Two years on, Roy’s eponymous womenswear collection – while still feminine, elegant and vintage-inspired – has grown by leaps and bounds, she has several well-received Fashion Week presentations under her belt, and she was recently inducted, along with 29 other up-and-coming designers, into the Council of Fashion Designers of America. And she remains one of the kindest, most gracious people we’ve ever met.

Roy's background in a nutshell: she loved fashion from an early age and worked at stores like Contempo Casuals before getting a degree in communications at Columbia Union College in Washington, D.C. After moving to New York post-graduation, she worked as a magazine and video stylist prior to becoming design director of Rocawear juniors, the clothing company her husband, Rocafella Records CEO Damon Dash, co-founded with Jay-Z (a title she holds to this day).

The Fashion Informer caught up with the 33-year-old Roy between her two design gigs and her other full-time job - as wife to Dash and “mama” to the couple’s seven-year-old daughter, Ava – earlier this month.

So, Rachel…


What’s your earliest fashion memory?
Arranging my fashionless parents' drawers around age three or four and folding each t-shirt and underwear with pride and respect for the garment. I loved clothing from Day One.

When you were nine, what did you want to be when you grew up?
A buyer for Mervyns, which is a low-price department store my mother made us shop in. I wanted to put nicer clothes in the store that I was forced, due to economics, to shop in. I thought we deserved beautiful clothes, too.

What's your favorite store in the world?
Book stores. Any one, I’m not picky. I can lose myself.

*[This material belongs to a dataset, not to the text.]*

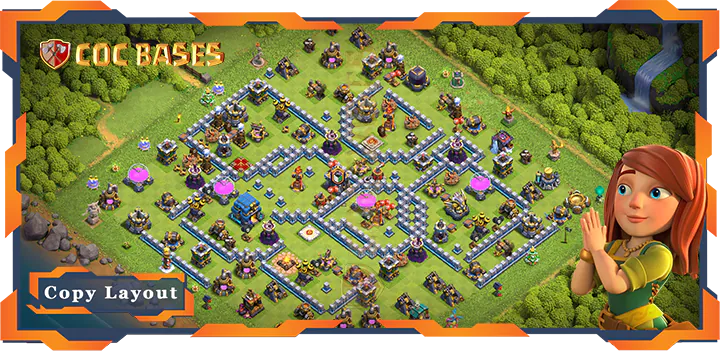 Top Base TH12 with Link, Anti Air/Dragon, Defense Layout – Clash of Clans (412)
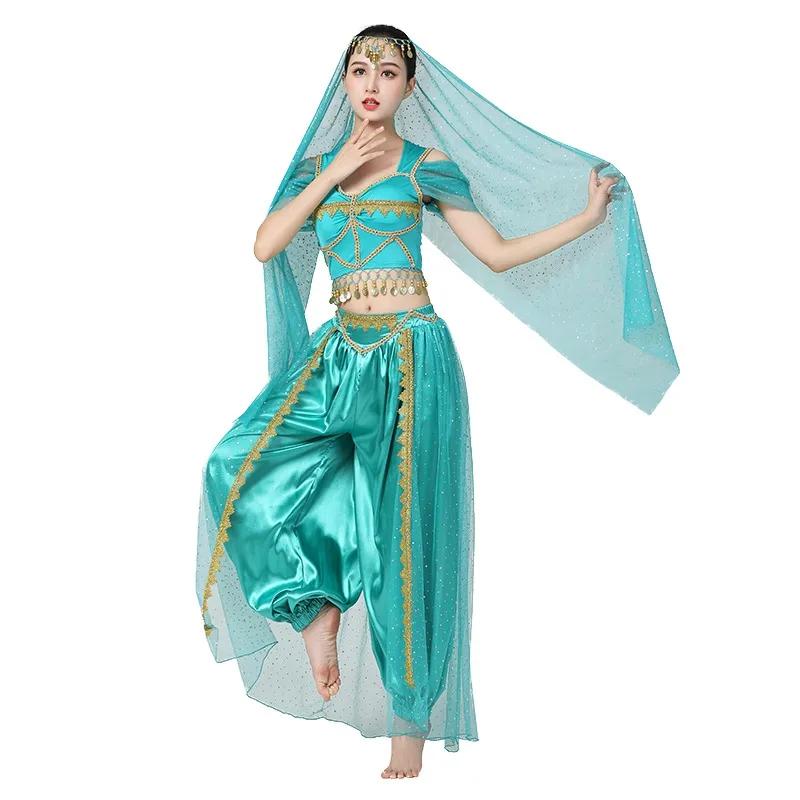 Großhandel 4Pcs Noble Princess Jasmine Cosplay Bühnen performance Dance wear Exotische indische Bauchtanz kostüme für Frauen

What's the most unlikely thing that's inspired a collection?
The bark of a tree. The beauty in the thought that each year was present on the trunk, displayed proud for all to see. It demanded respect due to its confidence and gracefulness without saying a word.

What's in current rotation on your iPod?
Citizen Cope and Alice Smith.

What's your favorite movie of all time?
Past: “The Women.” Current: “Sicko.”

If you found $15,000 in a brown paper bag, how would you spend it?
I’d hire another sample maker for a few months.

What's your favorite holiday?
Any day I can spend in the sun.

Brunch: pro or con?
Depends on your dining companion.

What's your favorite sound? 
My daughter calling me “Mama.” It is just the sweetest.

What does it mean to you to be a new member of the CFDA?
It is an undeserved compliment of the highest order; [the CFDA] is a resource of wealth and knowledge.